Poor lending strategies led the Tasmania Bank to crisis in 1989, and through financial injection by the state government and the inclusion of the Savings Bank of Tasmania, a merger was considered. The state government deliberated, and put forth the Trust Bank (Arrangements) Act 1991, which gained Royal Assent on 1 May 1991. The new company operated as a trustee bank structure like those of its predecessors.

The Trust Bank was an important institution within the state for its short period, through financial backing of local business and by community sponsorship. Trust Bank was official sponsor of the Tasmania cricket team in the late 1990s, and funded its own art prize. In 1997 Trust Bank was registered through the Australian Securities & Investments Commission and became a limited company corporation with shareholders. Regardless, Trust Bank had difficulty in maintaining competitiveness in the Australian capital market, especially during a time of large market share between rival credit unions and banks.

== Acquisition ==

On 16 November 1999, Colonial Mutual announced that it would acquire Trust Bank through its wholly owned subsidiary State Bank of New South Wales, for $149.1 million from the Tasmanian Government. At this time, Trust Bank had 40 branches statewide, and held more than 30% of the Tasmanian retail deposit market. 25% of outstanding loans in the state were through Trust Bank.

The state government was adamant about privatisation as a way of benefiting Tasmanians, and Colonial agreed to no job losses or branch closures. Trust Bank continued as Colonial Trust Bank. On 10 March 2000 the Commonwealth Bank and Colonial Mutual announced their intention to merge, which caused vocal concerns by the Tasmanian Labor government. The Federal Government argued that the Tasmanian government had to abide by competition policy. The Australian Competition & Consumer Commission did not oppose the merger. Up to 300 jobs and 30 branches were expected to close after the merger.

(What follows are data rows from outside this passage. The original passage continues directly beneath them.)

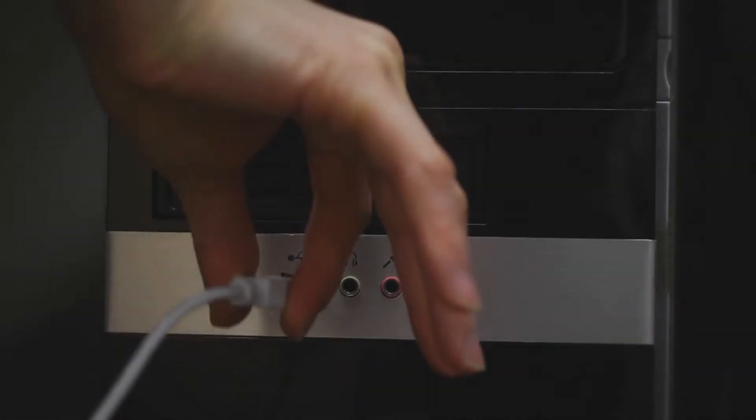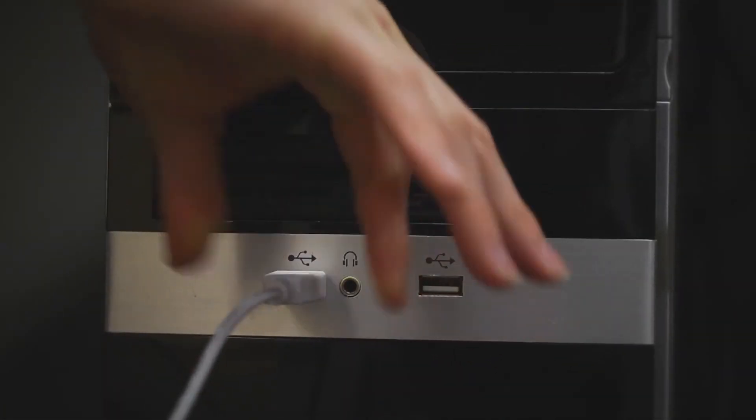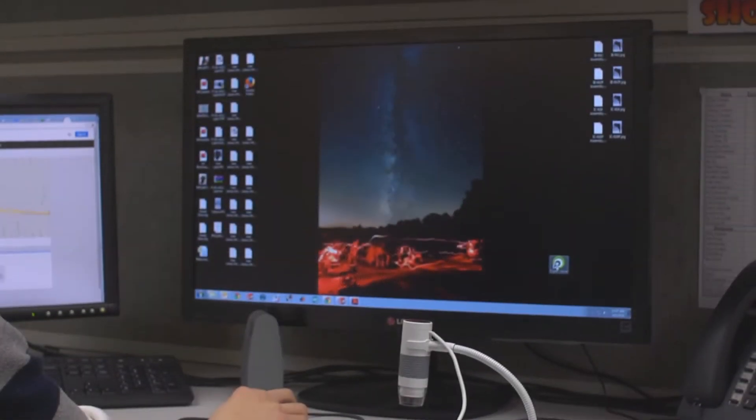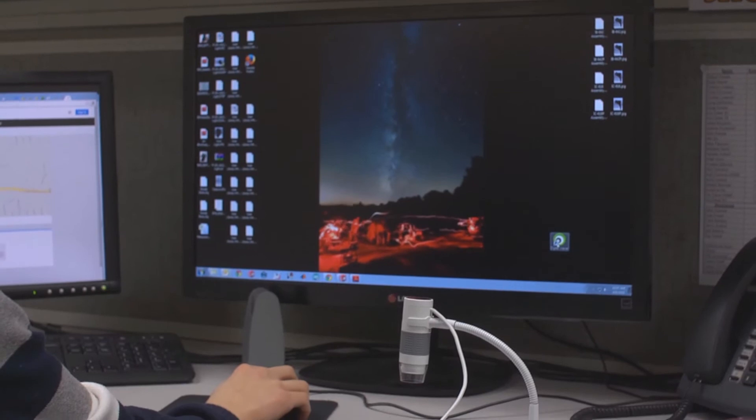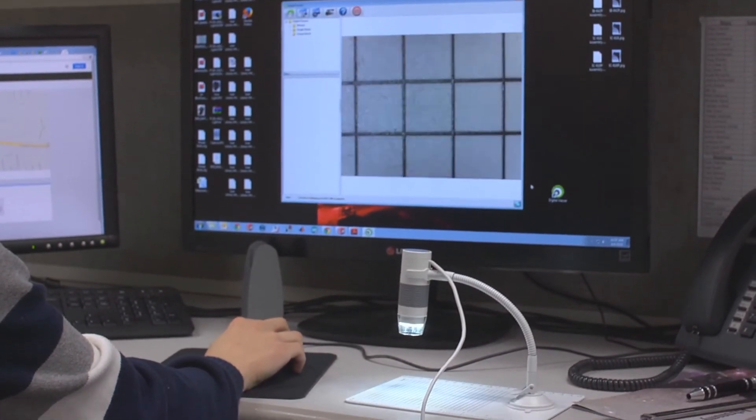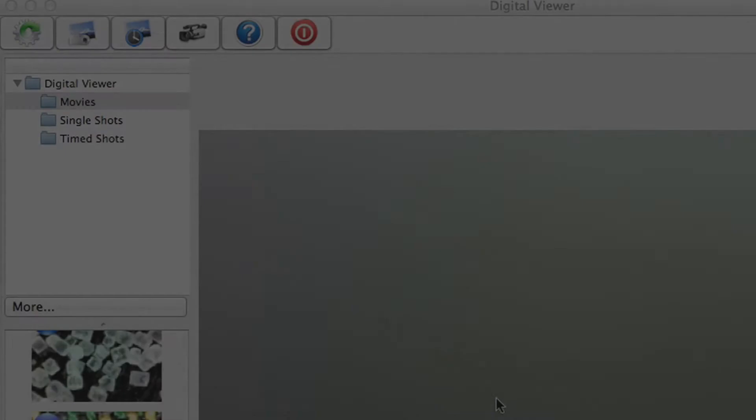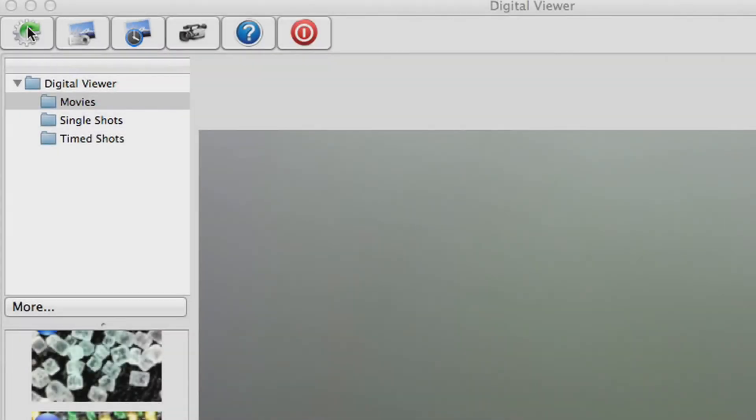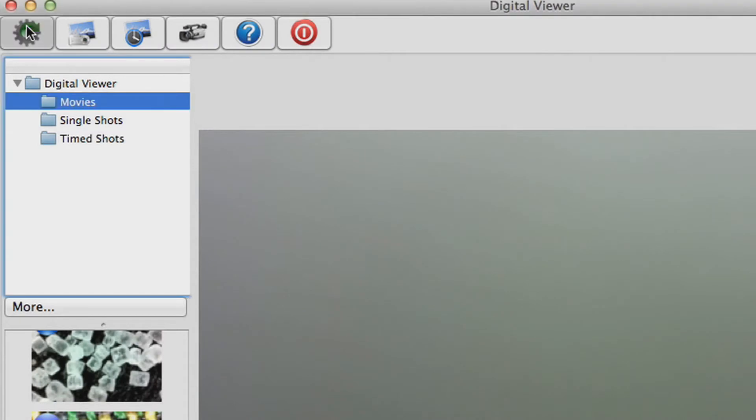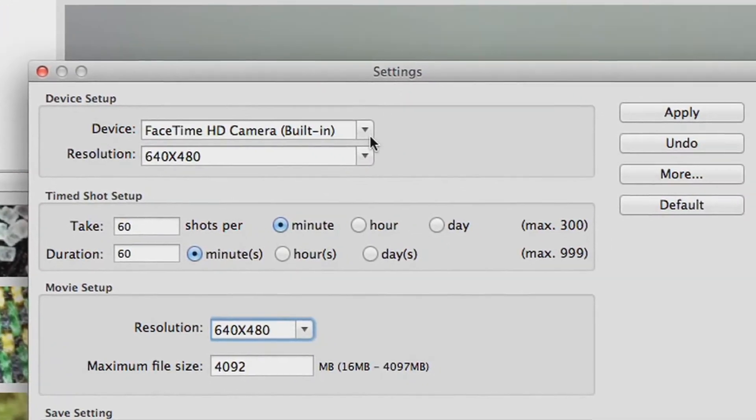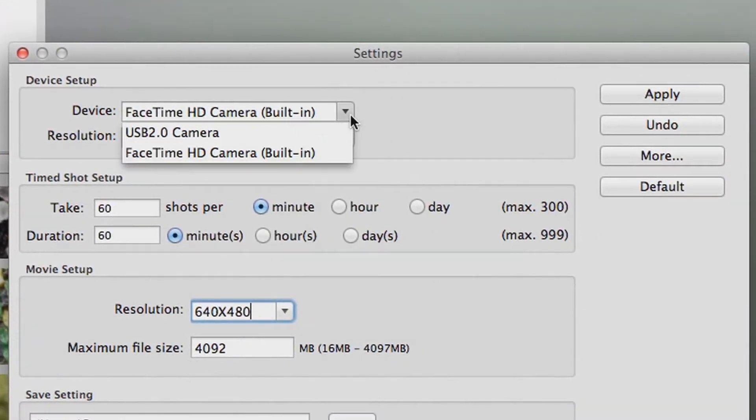The eFlex plugs right into your USB port. When you open the software, the eFlex will automatically be activated. If not, just click the settings tab, go to devices, and select the latest USB driver.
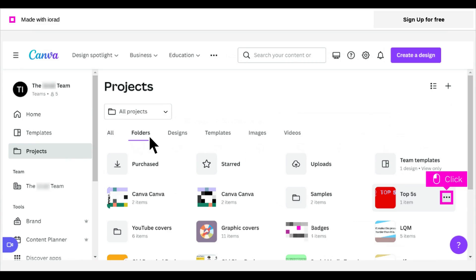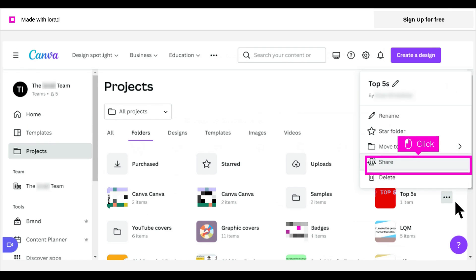Hover over the design you want to share, and click the 3-dot menu for that design. Click Share.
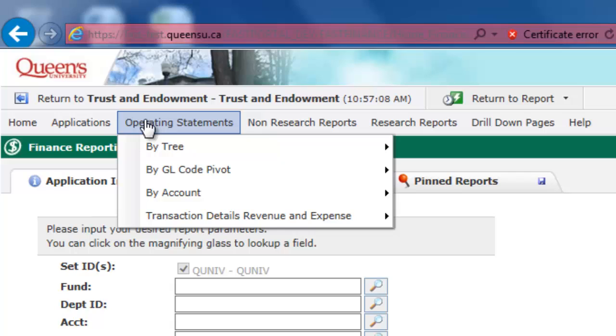From the Operating Statements menu, you will be able to run the Statement of Ops Non-Research by Account report, the Department Expendable by GL Code Pivot report, and the Transaction Detail Lookup by Actuals, Budget, or Commitments.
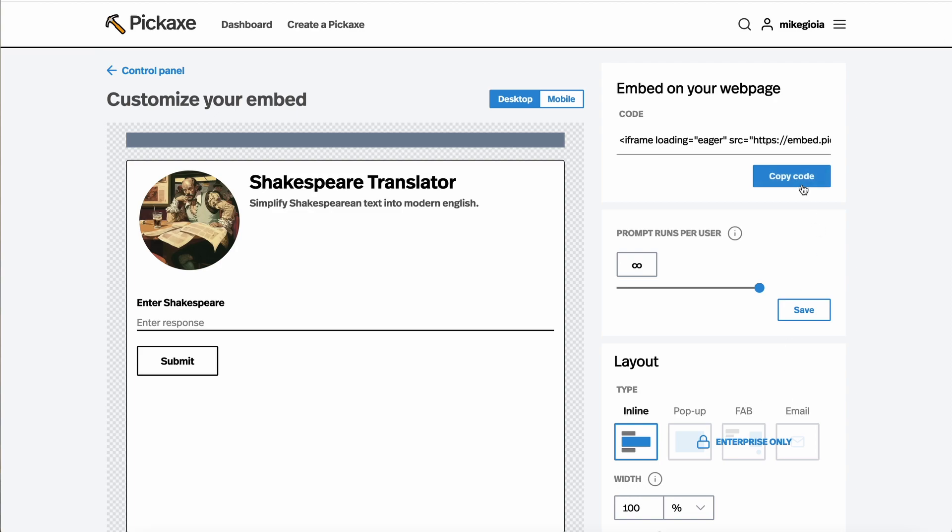Once we're ready, we're going to go up and copy the code. And this code will have saved all the settings that we just played with there. So now let's go embed it somewhere.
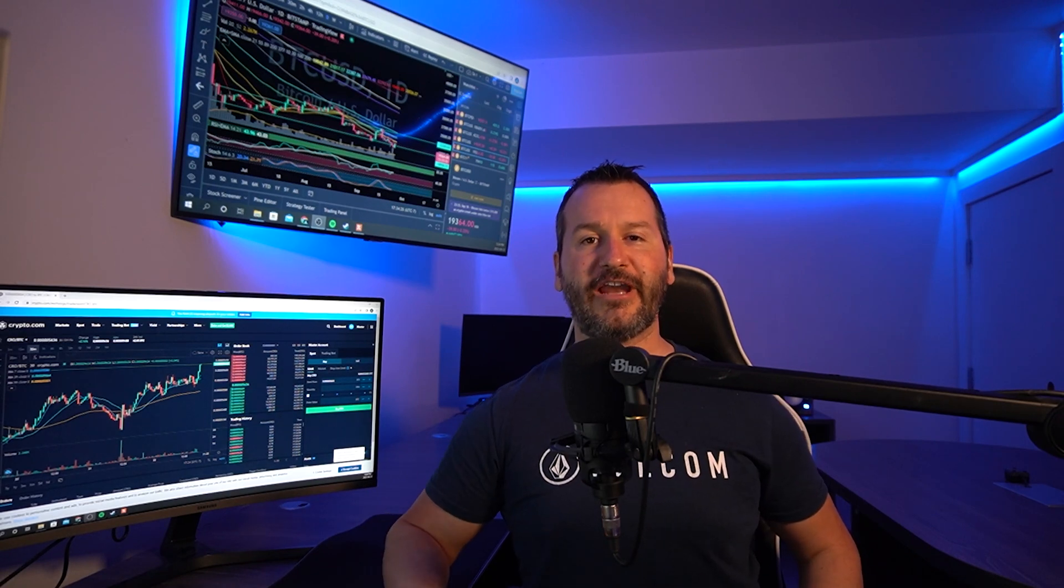I have plenty more Crypto.com tutorials on my YouTube channel including a step-by-step beginner tutorial, and I'll leave a link for that video in the description down below for anyone that might find that helpful. Let's get into the video.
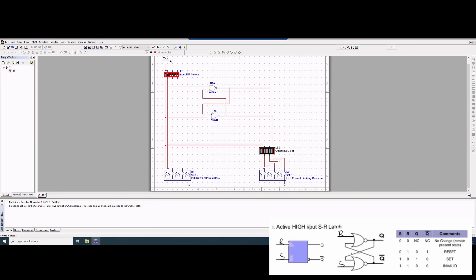Now we'll flip up our S, flip them both down, and we can see that we have no change. We're going to flip up our S and leave our R down, and we can see here that Q is high on this wire and our Q0 is low, which means it's off.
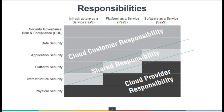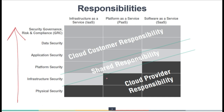This is the overall responsibility chart where we can see a clear pattern. Starting from physical security, which is always the responsibility of the cloud provider. Infrastructure security in the case of PaaS and SaaS is always the responsibility of the cloud provider, because the cloud provider configures these things for the customer. In terms of platform security, in IaaS it is the customer's responsibility, while in PaaS it is a joint responsibility of CSPs and the customer, and in SaaS it is always the provider's responsibility.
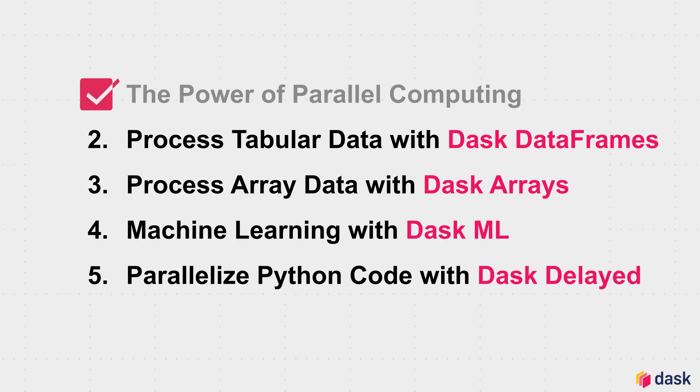So what's next? You've now completed the first two modules of the introduction to Dask tutorial. The next module will cover processing array data with Dask arrays. I'll see you there.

On 31 May 2000 the two banks merged, after the Commonwealth Bank appeased the Tasmanian Government by agreeing to establish either one or more call centres in Tasmania, to provide $4 million for computers in local schools and to maintain rural branches; although this agreement was only applicable for five years. The Commonwealth Bank now held over 50% of the Tasmanian banking market.

Trust Bank as a brand continued until the end of May 2000, when the Commonwealth Bank transferred accounts and policies to their division, and began integration of Colonial Trust Bank assets.

== Legacy ==
An inquiry into the sale of Trust Bank was established in Tasmania by the Parliamentary Standing Committee of Public Accounts. In it, the benefits of the sale were prescribed as a revenue of $5 million from stamp duty due to the sale, and $98.24 million had been used to reduce state debt. it was hoped a total of $134.1 million could be used in debt reduction. It also discussed pressure placed upon the directors of the Trust Bank, particularly in regards to funding and studies about information technology.

Today, no significant physical proof of the Trust Bank exists. Many old branches were sold off or re-branded Commonwealth Bank.

Following the sale, the state government passed the Trust Bank Sale Act 1999 on 26 November 2000, which repealed all laws related to the Bank and officially disbanded the board of directors. The Act also established the Tasmanian Community Fund using money from the sale of Trust Bank, and the fund continues today.